When creating a recurring meeting, the list of occurrences contains the occurrence_id and start_time for each occurrence of the series.

If a single occurrence has changed times from the original series, the start_time will reflect that new time. The ocurrence_id doesn’t change (which is good) and seems to be a timestamp of the occurrence’s original start_time.

Is it safe for me to rely on ocurrence_id being the timestamp of that occurrence’s /original/ time in the series, regardless of what start_time might or might not have been changed to?

Thanks

Hey @Adam_Wulf,

I am unaware of the occurrence_id being a timestamp. What is your use case for wanting to know the original time the meeting was scheduled for after it has been updated to a new time?

Thanks,
Tommy

I have a recurring series of events in a calendar, and would like to map to/from calendar/zoom events. I could possibly store the occurrence id mapping and treat it opaquely, but for various technical reasons it’d be very convenient to not store anything additional at all, and instead simply compute the occurrence id based on the recurring event’s original start date.

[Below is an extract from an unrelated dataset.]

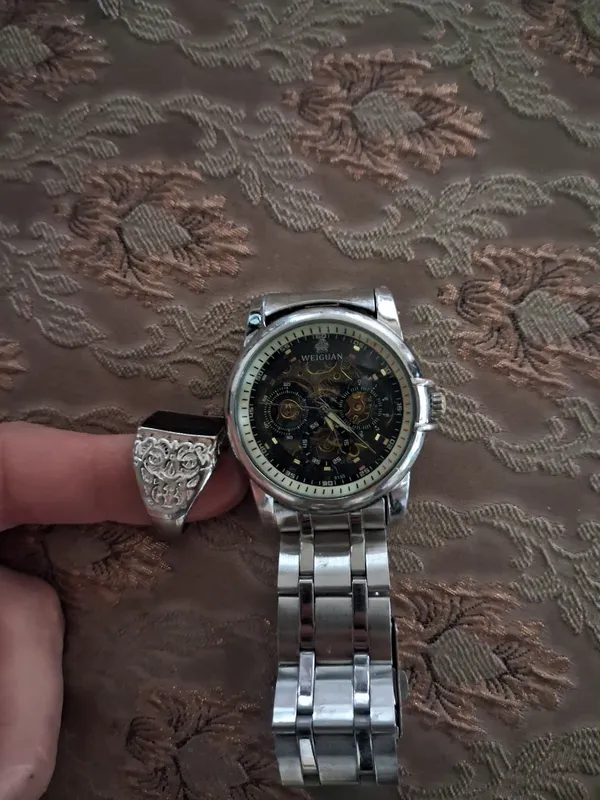 Продаётся механические часы 2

For instance, if i see a zoom occurrence has changed its start date -> i can lookup my calendar’s event based on its original occurrence date (which we already index our database by). Syncing the mapping of instance date <=> occurrence id through CalDAV will add a lot of size to an event, and i’d rather not sync that extra data if not strictly necessary.

Hey @Adam_Wulf,

I see, yeah I would handle this on the calendar side / your side to be safe. I would say occurrence_id is not guaranteed to be the timestamp.